A few years ago Hancock introduced a standards-based grading system into the math department. Her purpose in implementing this system was to eliminate the fact that students’ grades don’t reflect their knowledge and understanding. 

She explains that students frequently approach her with questions like, “I need 10 points for my grade to be an A, how do I get those points?” 

The real philosophy behind the system is that communication should be made effective and that learning should be an experience, not a race or competition to be labeled with letters. 

As mentioned earlier, Hancock is a passionate teacher, someone who cares about the knowledge of her students and someone who wants her students to succeed, not just in scoring and grades, but in experience and growth.

Mr. Jackson, a good friend, and colleague of Hancock’s, someone who has known her for more than 15 years, has nothing but approval for her methods and her standards-based grading system. 
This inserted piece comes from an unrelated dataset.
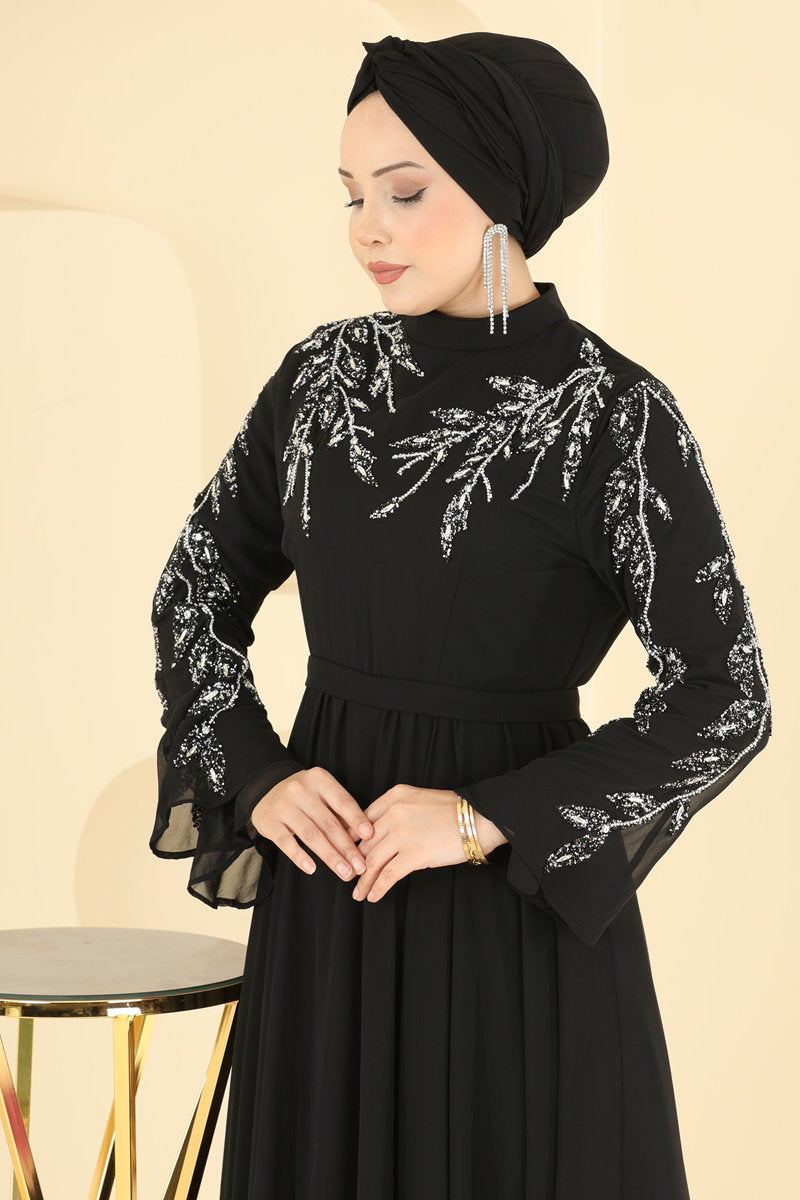 Stone-Trim Chiffon Evening Dress - Black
As a teacher, he conveys how it bothers him that kids could “squeak out a C because they turned in enough homework and participated in class, but then they failed every test. Yeah, it made no sense to me.” 

And when asked to describe her in three words, he chooses “intelligent, driven and passionate about teaching.”

Jackson elaborates that she challenges him with strong opinions, and how they focus on giving the students a stronger grasp on the mathematical concepts. Their goal is to emphasize the understanding of the course material more than scoring points. 

Upon analyzing the system with which she grades her students, it’s evident that Hancock’s priorities lie in students’ conceptual understanding and their preparation for success in higher-level courses. This not only requires hard work for her, but also for her students.

Hancock also mentions how the system is useful, in reference to students wondering what they missed on tests or how they can improve their grades in the future.

“It helps students figure out what they need to work on. Because otherwise, seeing a B or C or whatever, doesn’t communicate that effectively,” Hancock stated.

Hannah Wang, a student who studied Algebra 2 with Hancock, states, “You have to do a lot of extra studying. But she really does prepare you for precalc, because the work ethic that’s required to pass this class really carries onto the next class, and it makes it a lot easier to go through precalc.” 

She also mentions how having a strict teacher is beneficial for the future, because it’s the same rigorous work ethic that’s required to pass future classes with stricter teachers. 

Drive and motivation are qualities at the core of Hancock and are qualities that she emphasizes most as a teacher, but standing in a high school classroom isn’t all that she does.

It’s easy for students to see Hancock as nothing more than a strict and harsh teacher, but after school hours, she’s someone who enjoys sports and food like us students. She mentioned aspiring to travel the world and going to concerts with friends. 

As much as she pushes herself and her students to work harder and learn better, she enjoys relaxing as well, including Friday nights out with her mom and gardening over the summer. 

“My tomatoes are still growing as we speak, I can’t figure out when they’re going to stop,” Hancock shared.

Behind the deadlines and difficult math problems, Hancock is a teacher who believes that one bad test day shouldn’t define your grade and that a grade shouldn’t define a student, as grades are nothing more than labels.

“My perfect world wouldn’t have letter grades. We would get rid of those entirely because they’re labels. And, I think sometimes we spend too much time trying to place a label on ourselves,” she mentioned.

And as the door creaks open, the slivers of early morning light peeking through the blinds signal that her first class is starting soon. When the familiar ringing of the bell pierces the air and students file into the classroom, a chorus of “hellos” and “good mornings,” she can’t help but wish that she is one step closer to achieving her perfect world.